How to complete this task - Copy out the data below from the line containing "Butik til leje" to the line containing "Furls Crochet Hooks – The Tight Stitch Co.", both lines included, with all images left out.

Data for processing -
───

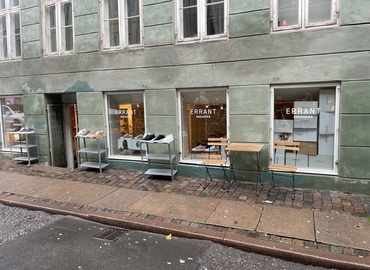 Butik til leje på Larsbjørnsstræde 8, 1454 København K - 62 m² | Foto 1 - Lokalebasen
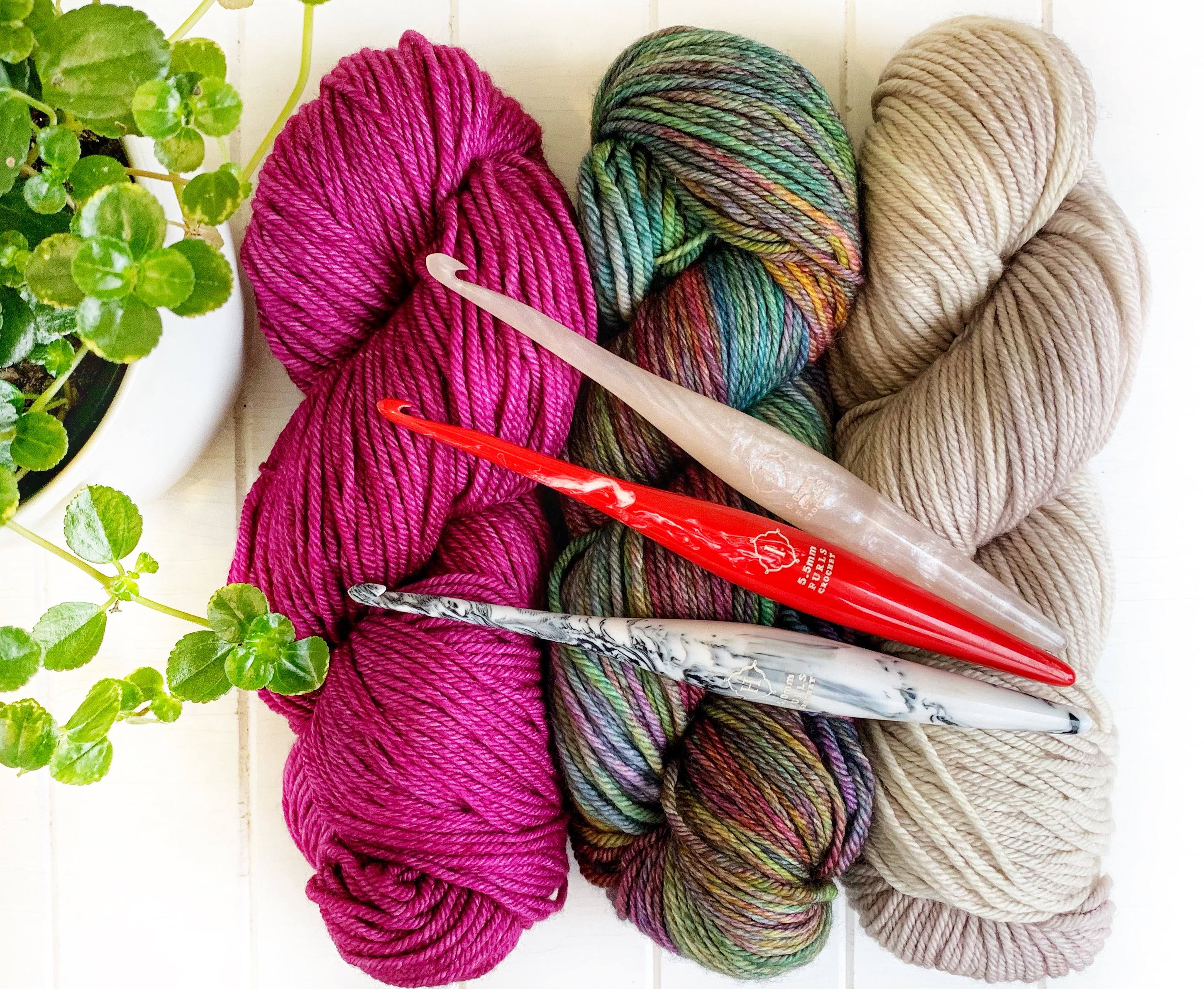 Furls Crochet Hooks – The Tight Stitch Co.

───

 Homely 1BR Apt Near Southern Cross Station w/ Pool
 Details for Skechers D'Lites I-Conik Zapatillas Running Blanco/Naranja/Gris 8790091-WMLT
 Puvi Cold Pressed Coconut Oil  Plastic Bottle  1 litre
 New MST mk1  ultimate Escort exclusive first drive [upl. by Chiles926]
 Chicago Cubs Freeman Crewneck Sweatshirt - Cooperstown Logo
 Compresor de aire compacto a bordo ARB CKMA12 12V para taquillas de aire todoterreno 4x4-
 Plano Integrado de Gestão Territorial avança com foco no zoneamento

───

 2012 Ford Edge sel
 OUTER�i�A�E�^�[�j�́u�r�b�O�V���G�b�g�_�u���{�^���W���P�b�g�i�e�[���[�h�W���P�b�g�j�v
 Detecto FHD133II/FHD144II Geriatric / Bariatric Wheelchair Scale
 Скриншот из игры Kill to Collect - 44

───

Expected output -
 Butik til leje på Larsbjørnsstræde 8, 1454 København K - 62 m² | Foto 1 - Lokalebasen
 Furls Crochet Hooks – The Tight Stitch Co.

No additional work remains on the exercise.